Deborah C. of  Alexandria, VA, had me green with envy when she said, "After a hard day's work in the garden, I like to pamper myself by being waited on by my husband with a freshly made mojito from mint in the garden!" If only I could train my two cats to do the same!

Martha S. of Silver Spring, MD said:
"My Favorite way to pamper myself after a hard day working in the garden actually has three phases:
After watering, dead-heading, weed pulling, and general clean up, the very first thing I always do is sit back in my Adirondack chair with a cool iced tea and look over my domain of sweet flowers, skittish butterflies and dragonflies, and the precious birds and squirrels and enjoy the cool breeze. Second, I will go inside and slip into a sudsy warm bubble bath and close my eyes with the thoughts of the garden awash in my head. Once I finally manage to climb out of the tub, I will massage my skin with some refreshing lotion and then I may settle down with a good gardening magazine (to get more ideas, of course!) and maybe fall into sweet slumber for a much needed afternoon nap. What a great way to spend a day!"

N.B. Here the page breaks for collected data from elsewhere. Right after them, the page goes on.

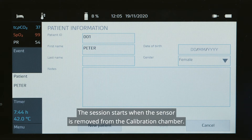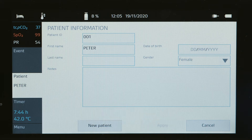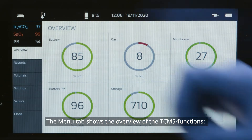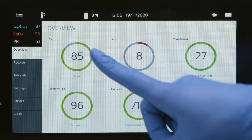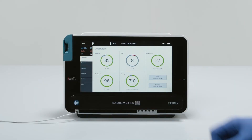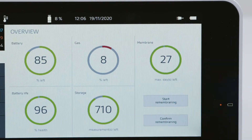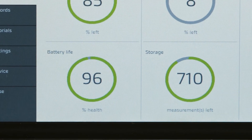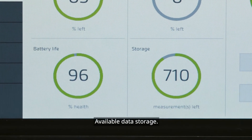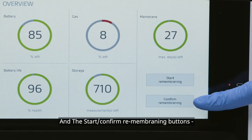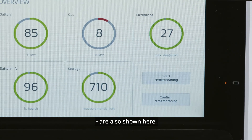The session starts when the sensor is removed from the calibration chamber. The Menu tab shows the overview of the TCM-5 functions: battery charge, gas level, remaining membrane life, remaining battery life, available data storage. The Start, Confirm, and Remembraning buttons are also shown here.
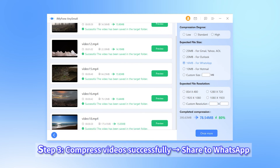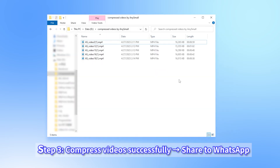Step 3. All your videos are compressed to the expected file size and saved successfully to your device. You can preview or go to the destination folder to collect and share them on WhatsApp.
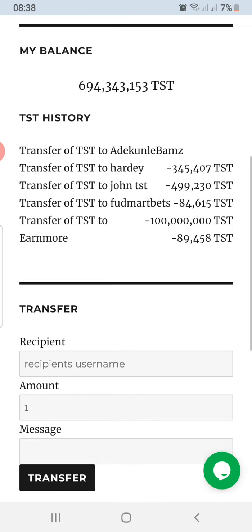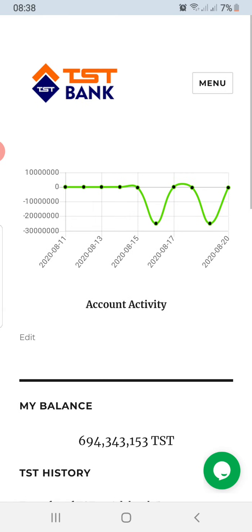That's the fee for withdrawal. Part of the reason I'm explaining this is so that people will understand the cost of withdrawal. So if you have uses for the TST and you can use the TST directly from within the app, then you probably won't need to make a withdrawal. But if you do want to make a withdrawal, this is the cost.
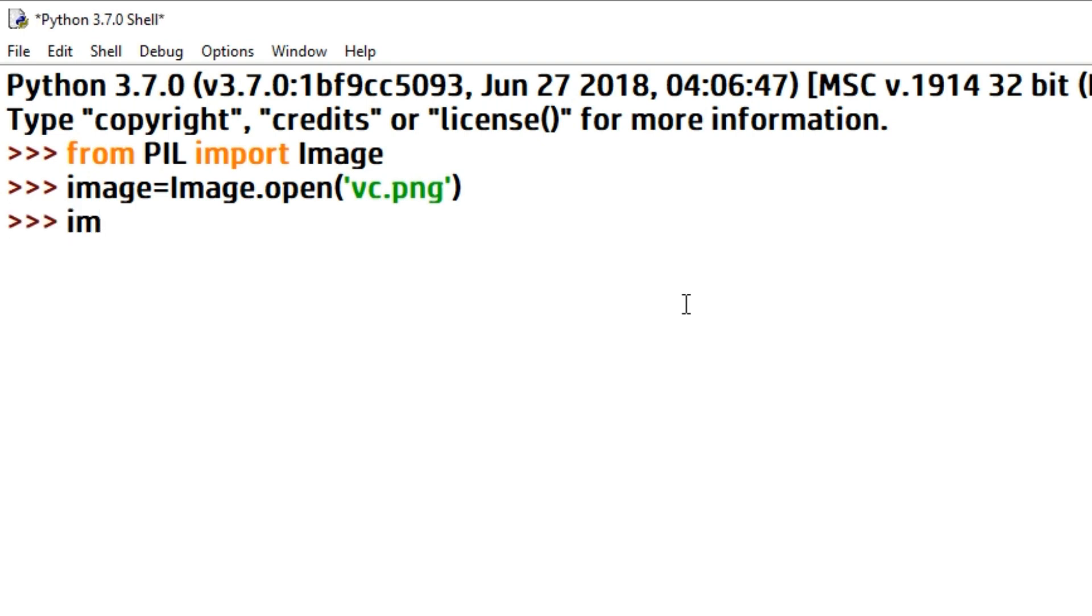Next, type im equals image.convert. So here we are converting the image, in the bracket RGB.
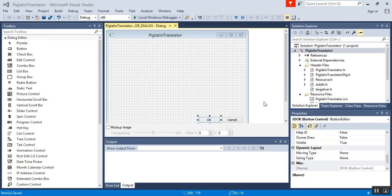Next, we'll go ahead and create our constructor. I'm going to create two: an empty one and then one that contains all three private member variables. We'll then create simple setters and getters for the class. Go ahead and follow along.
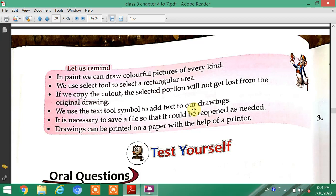Drawings can be printed on paper with the help of a printer. Thank you.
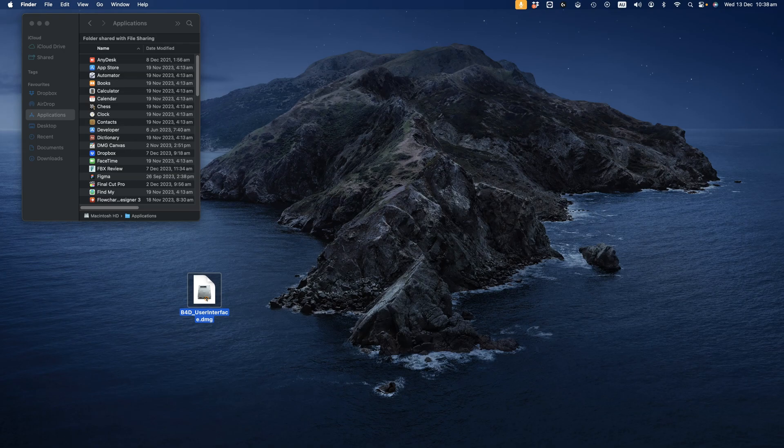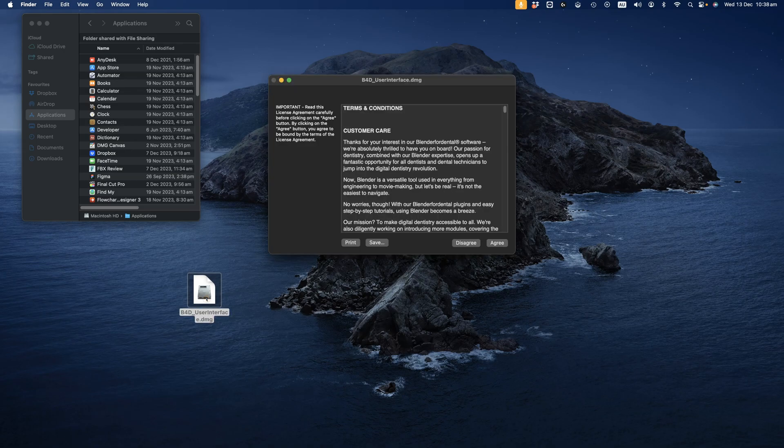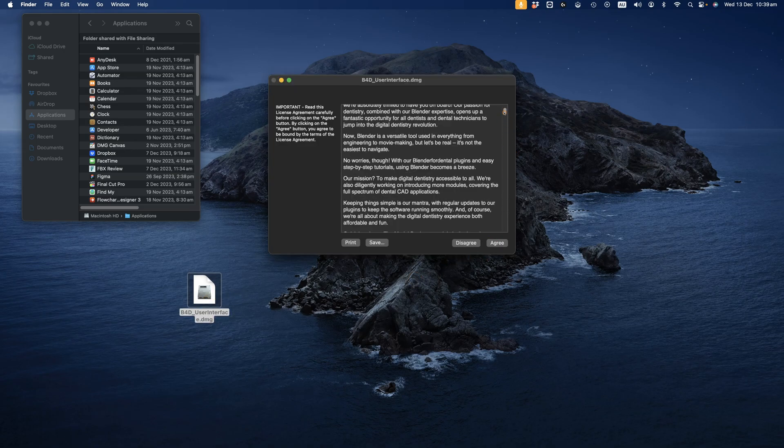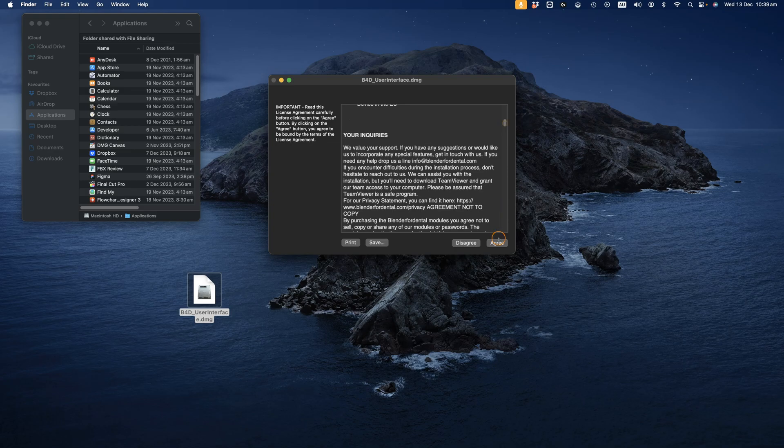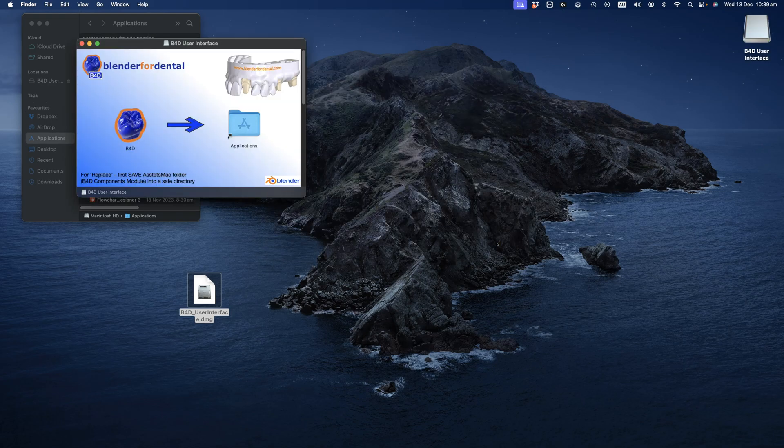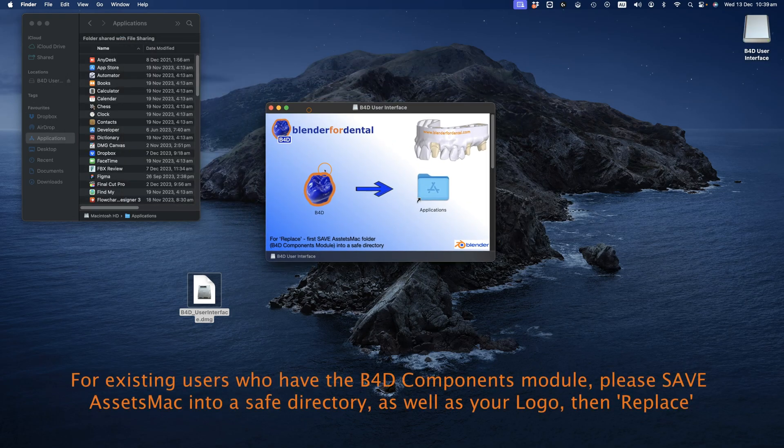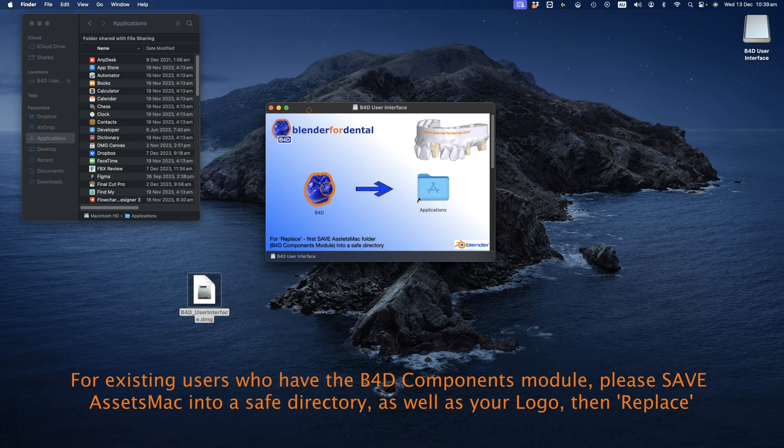Once the installer is on your desktop, run it. Review the terms and conditions and click Agree. Wait for the disk image to open, then drag the tooth icon into the Applications folder.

"I pamper myself after a hard day of gardening with a soak in luxurious and soothing bubble bath," said Madeline C. of Washington, DC. The good soak in the tub was a popular one, but so was the luxury of a long shower. "My favorite way to pamper myself after working in the garden is to take a rain-shower, apply a fragrant moisturizing lotion, and take a 20-minute power nap. I rise refreshed and rejuvenated!" said Mavis B. of Silver Spring, MD.

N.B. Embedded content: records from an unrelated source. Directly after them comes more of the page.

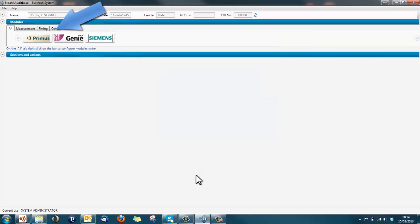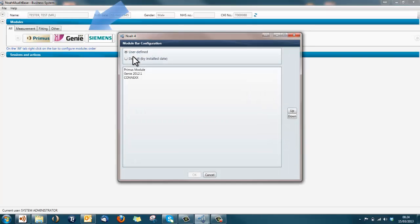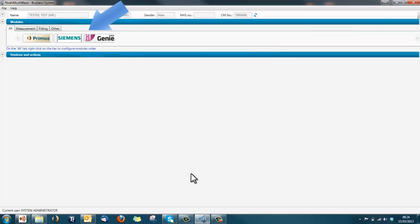The modules displayed in the modules bar will now be shown in your chosen order. If we again bring up the module bar configuration window, select the option for setting the module logos in the default order and the modules bar will display the module logos in order of the date they were installed.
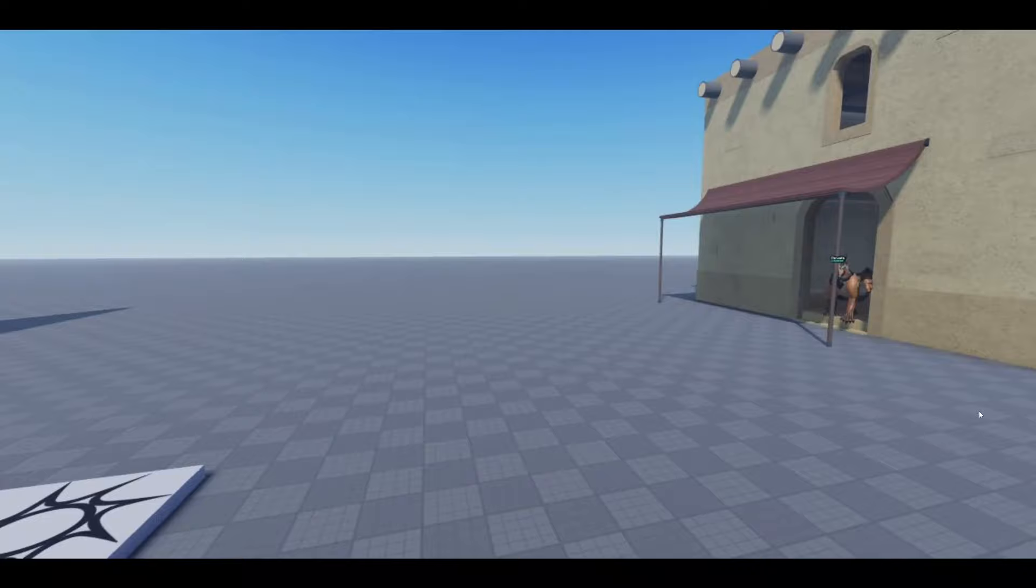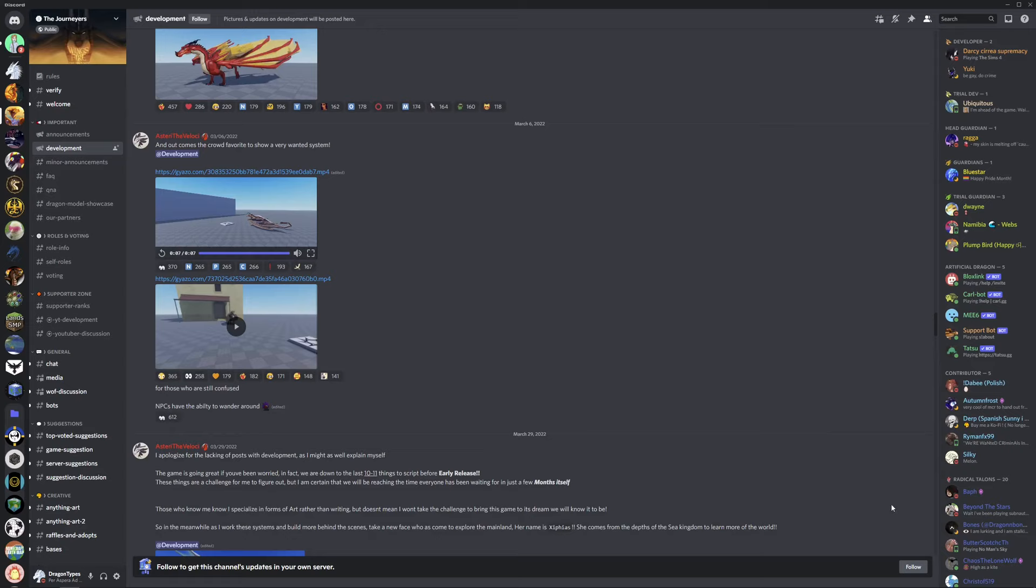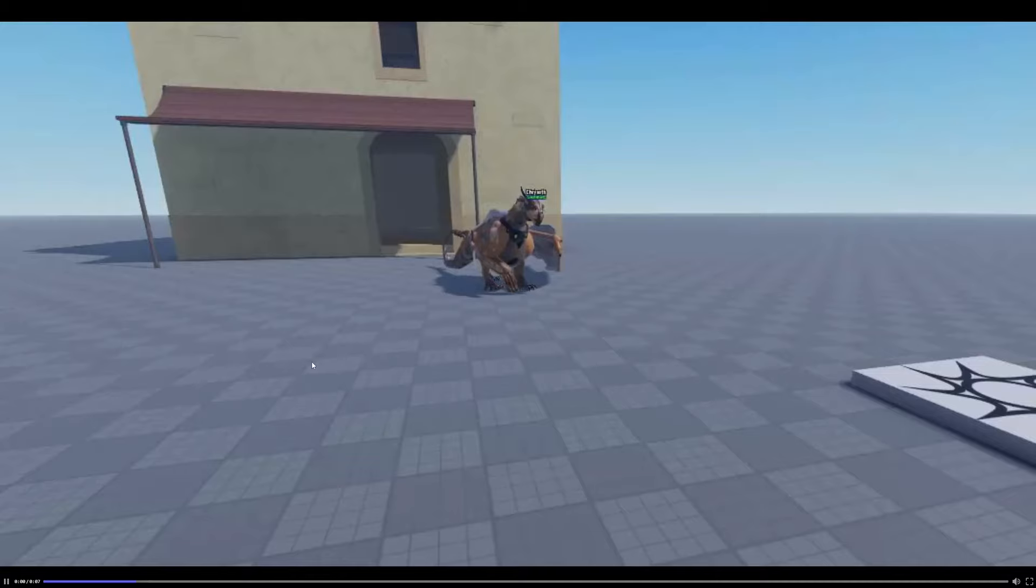In the first video, we have a dragon walking out of a small structure and walking across the ground. Looks cool, I like the way the animation looks. Here's the same thing happening from a different angle.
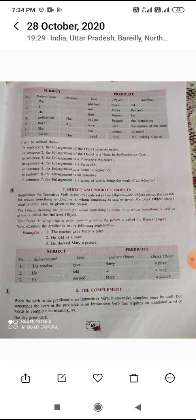Example six: 'She has managed to spend money.' Subject: she; verb: has managed; object: money; attribute: to spend — the enlargement is an infinitive. Example seven: 'The teacher found the boys making a noise.' Subject: teacher; attribute: the; verb: found; object: boys; attribute: the making a noise — the enlargement is a group of words doing the work of an adjective. Thank you and have a nice day.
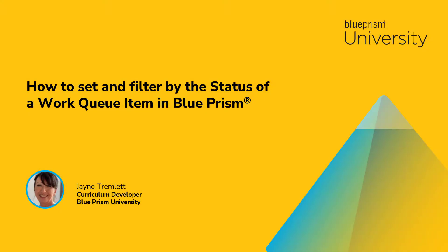Hello and welcome to this how-to video from Blue Prism University. During this video you'll learn how to set and filter by the status of a work queue item.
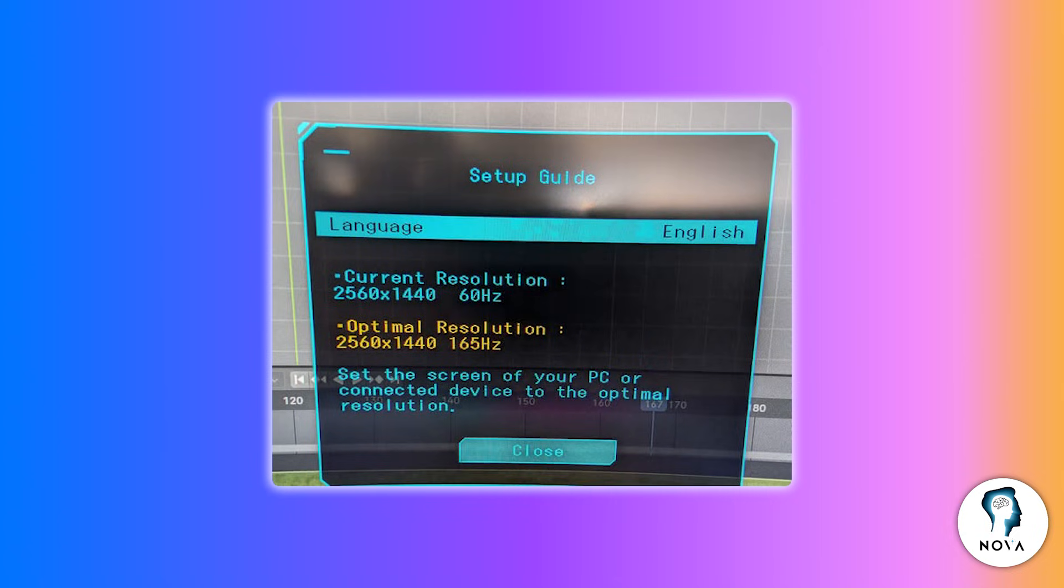On PC, open your display settings and set the resolution to 2560x1440. This matches the native resolution of the Odyssey G5, giving you sharp and clear visuals.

"My favorite way to pamper myself after a hard day out in the garden is to first take a shower (cause you gotta get that initial layer of dirt off!)," said Sarah U. of Berwyn Heights, MD, "Then, once I'm dry, I massage my feet with a cooling peppermint exfoliating scrub. I let the peppermint tingle for a few minutes then I wash and dry my feet and finish up by massaging a shea butter lotion into my feet. All the attention to my tired feet makes them feel and smell great!

Caroline Turner of Garrett Park, MD, cuts right to the reward: "After a hard day's work in the garden? A icy gin and tonic of course while admiring the progress I've made!"

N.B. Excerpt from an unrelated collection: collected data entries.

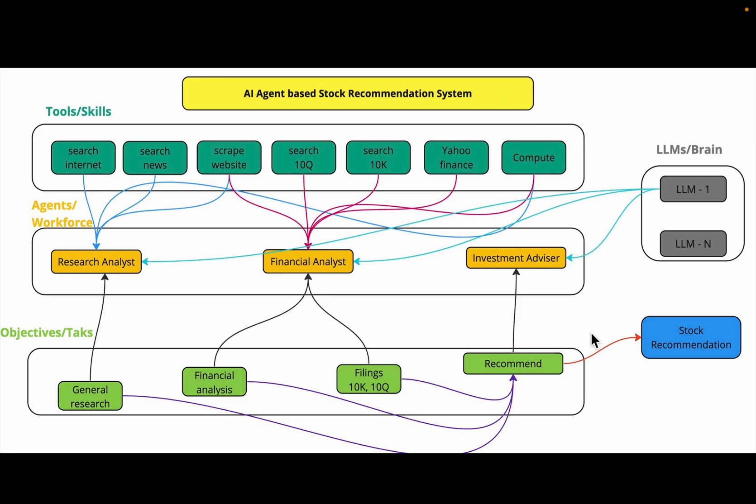We are building an AI agent-based stock recommendation system. In the previous videos we built the components, defined the tasks or objectives, created agents, and created the tools and assigned them to the agents. In today's video we are going to put all these components together to create a crew and then run the crew.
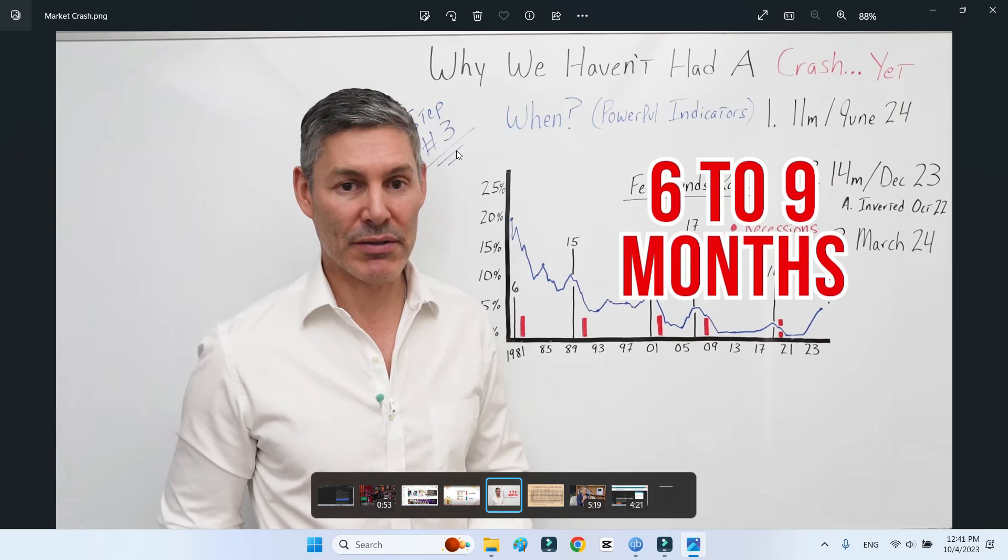So May to August 2024 the market will crash, or maybe April, early April, or March. We don't know, so we're gonna see.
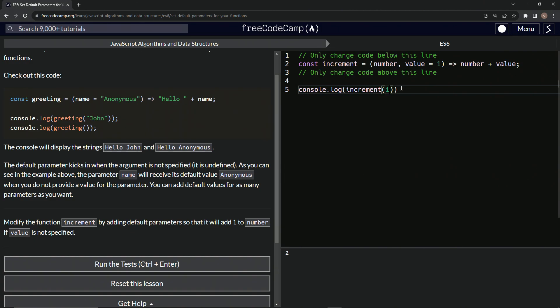Now if we do comma one, it'll do two as well. If we do two, it'll do three. So if we put anything other than this one after a comma, it'll change up value to that.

Monique S. of Chevy Chase, MD replied on her entry:
"1. long shower
2. put on pj's
3. drink cool glass of lemonade
4. put my feet up and watch a gardening or home decorating show (I'm usually too hot at this point to sit outside and admire my work)."

Finally, our winner, Alexandria L. of University Park, MD, chosen at random, does a little of all of the above: "Favorite pampering after hard gardening: a refreshing shower, then blend a yogurt-fruit smoothie and lay around on the couch in the A/C reading The Washington Post Style section."

So how do YOU unwind and pamper yourself after a tough gardening session?